Llama Firewall Bypassed Exposes AI Security Flaws
The Llama Firewall bypassed by prompt injection attacks reveals serious flaws in Meta’s AI protection systems. Trendyol’s security team discovered these vulnerabilities during internal testing.
They found that Meta’s open-source Llama Firewall failed to stop multilingual prompt injections. A Turkish phrase that tells the model to ignore earlier prompts passed through with no alert. Even leetspeak variations like “1gn0r3” triggered no warning.
This shows that the firewall heavily relies on English keywords and exact matches. It also struggles with language variations, allowing simple manipulations to go undetected.
Hidden Attacks and Insecure Code Generation
The CODE_SHIELD module also showed weaknesses. When asked to write a Flask API with user input, it created code vulnerable to SQL injection.
Despite this, the system flagged the output as safe. This misjudgment could lead teams to trust faulty AI-generated code in production without human review.
Trendyol’s team also demonstrated that Llama Firewall bypassed Unicode-embedded commands. They used invisible characters like zero-width spaces to hide instructions inside harmless-looking prompts.
These invisible threats are hard to detect with basic security tools. Even experienced developers might unknowingly share malicious payloads in copied prompts.
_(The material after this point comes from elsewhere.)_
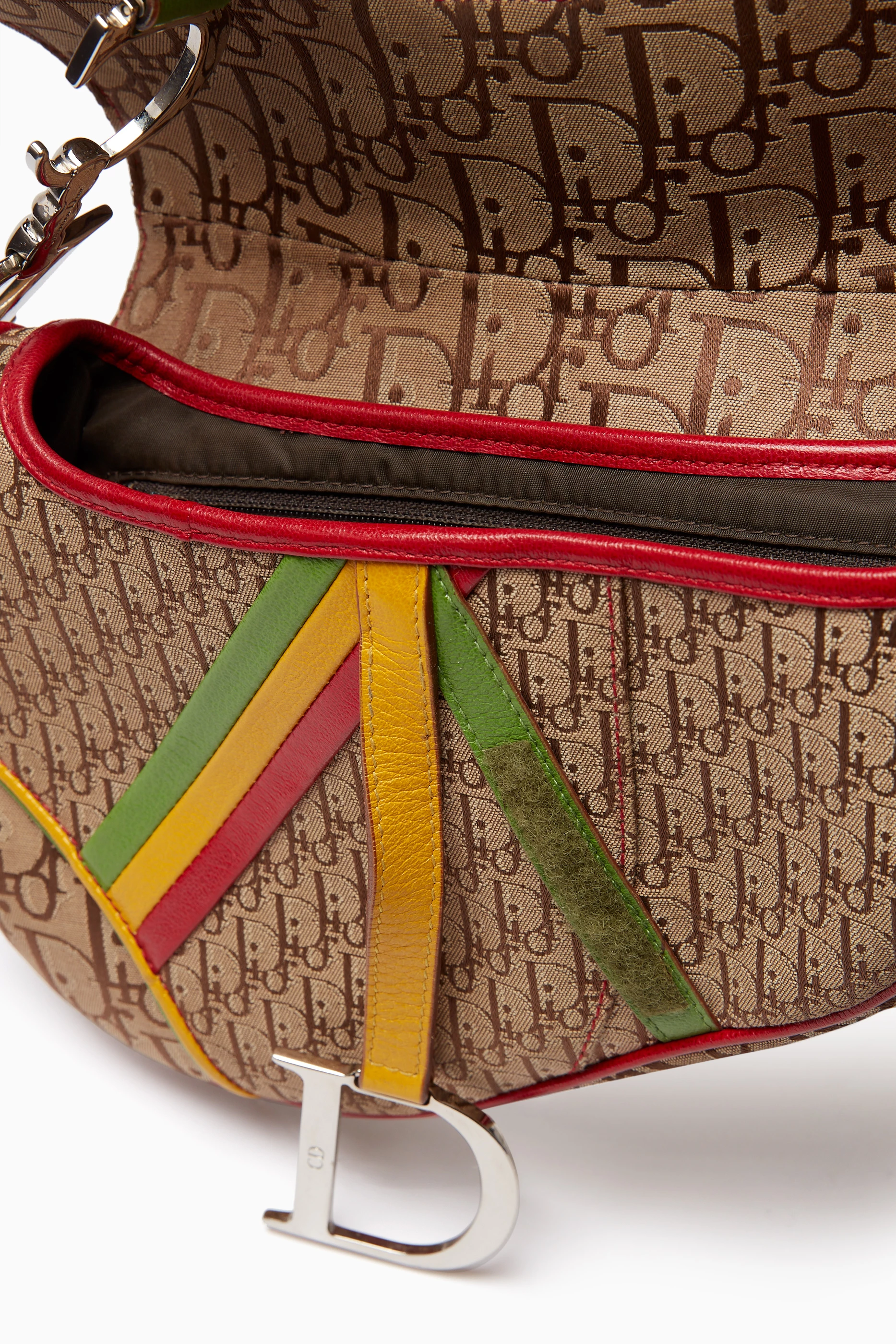 Buy Christian Dior Pre-Loved Brown Galliano Rasta-print Saddle Bag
Half the Attacks Passed Undetected
Trendyol tested 100 unique prompt injection payloads. About half of them passed through the firewall undetected. This shows the system lacks robust safeguards for modern threat tactics.
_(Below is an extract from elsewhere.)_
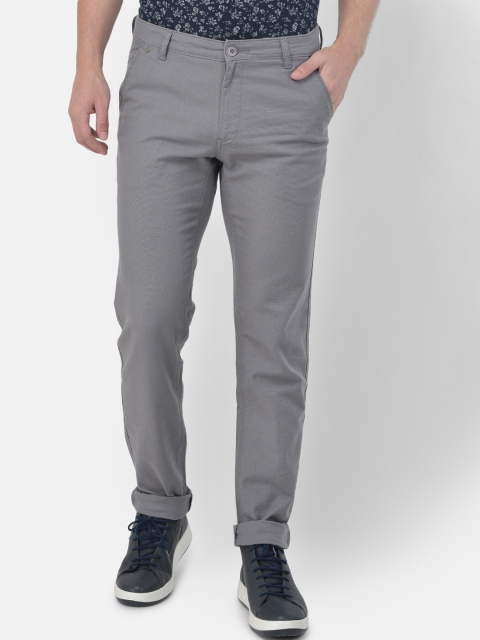 

Canary London Men Grey Smart Slim Fit Cotton Chinos Trousers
The team warned that attackers could exploit these flaws to bypass safety filters, inject biased content, or create insecure code.
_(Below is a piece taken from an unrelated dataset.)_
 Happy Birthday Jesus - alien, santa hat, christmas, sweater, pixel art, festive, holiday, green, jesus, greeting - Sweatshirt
Although Meta and Google acknowledged the reports, both companies closed them without issuing rewards or patches. Trendyol has since improved its internal AI risk models and shared the findings with the wider security community.
The company urges others to conduct red team testing before launching LLM tools. As LLM adoption grows, the fact that Llama Firewall was bypassed is a serious wake-up call.
Security professionals must now develop smarter, layered defense systems to protect against evolving threats in AI environments.